Pubblicato: 3 maggio 2007 Categoria: Notizie tecnico normative

In caso di furto consumato da persone introdottesi in un appartamento avvalendosi dei ponteggi eretti per la ristrutturazione dello stabile condominiale è civilmente responsabile l'impresa se non ha adottato le cautele idonee ad impedire l'uso anomalo delle stesse.

In caso di furto consumato da persone introdottesi in un appartamento avvalendosi dei ponteggi eretti per la ristrutturazione dello stabile condominiale, è civilmente responsabile l’impresa se non ha adottato le cautele, quali l’illuminazione dei ponteggi, idonee ad impedire l’uso anomalo delle impalcature, creando colposamente un agevole accesso per i ladri e ponendo in essere le condizioni per il verificarsi del danno.

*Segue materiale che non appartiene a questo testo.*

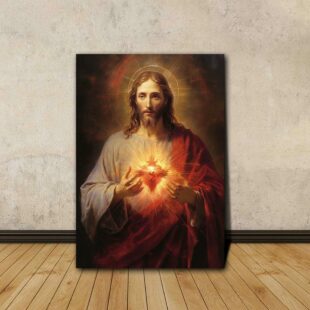 sacred heart of jesus god canvas poster wall art1136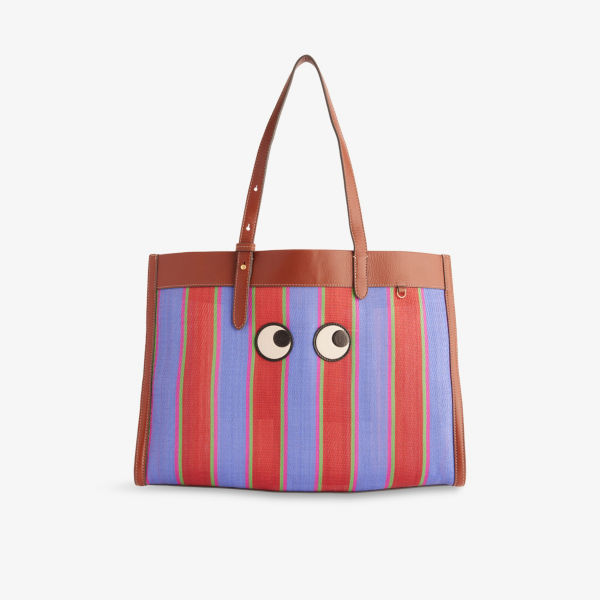 

Сумка-шоппер E/W eyes в полоску из сетки Anya Hindmarch, красный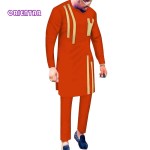 Multi Color Long Sleeve African Men's Suit Top Pants 2 Pieces Set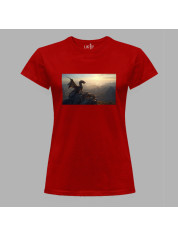 Футболка жіноча з принтом "Дракон на горі на світанку" (231009)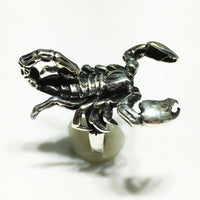 Antique-Finish Scorpion Ring (Silver)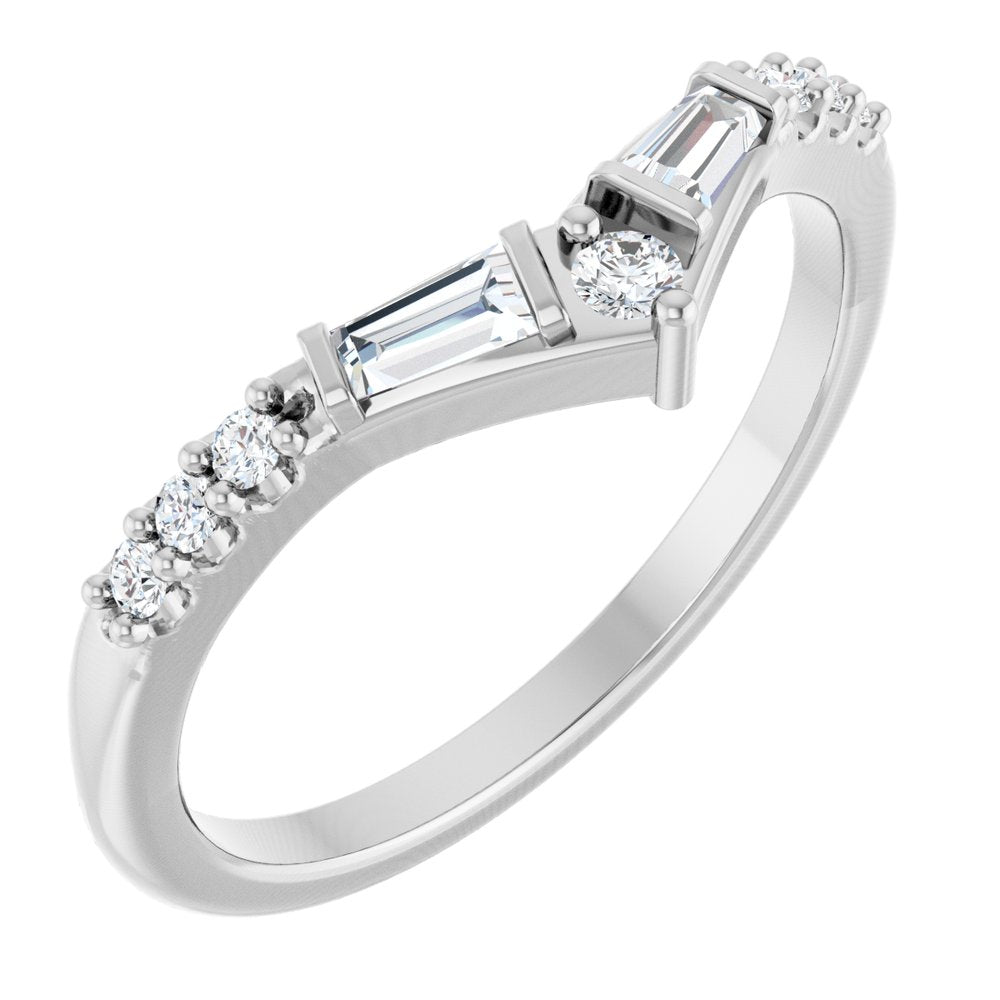 14K White Gold 1/4 CTW Natural Diamond Contour Band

I proprietari citano in giudizio la società appaltatrice dei lavori di restauro del loro stabile condominiale, per ottenere il risarcimento dei danni subiti in seguito a un furto commesso nel loro appartamento da ignoti, i quali, per accedervi, si erano serviti dei ponteggi non adeguatamente illuminati e di scale di collegamento non rimosse. La domanda viene rigettata tanto dal Tribunale quanto, con sentenza resa il 14 febbraio 2001, dalla Corte d’Appello di Roma. I proprietari ricorrono allora in cassazione con due motivi.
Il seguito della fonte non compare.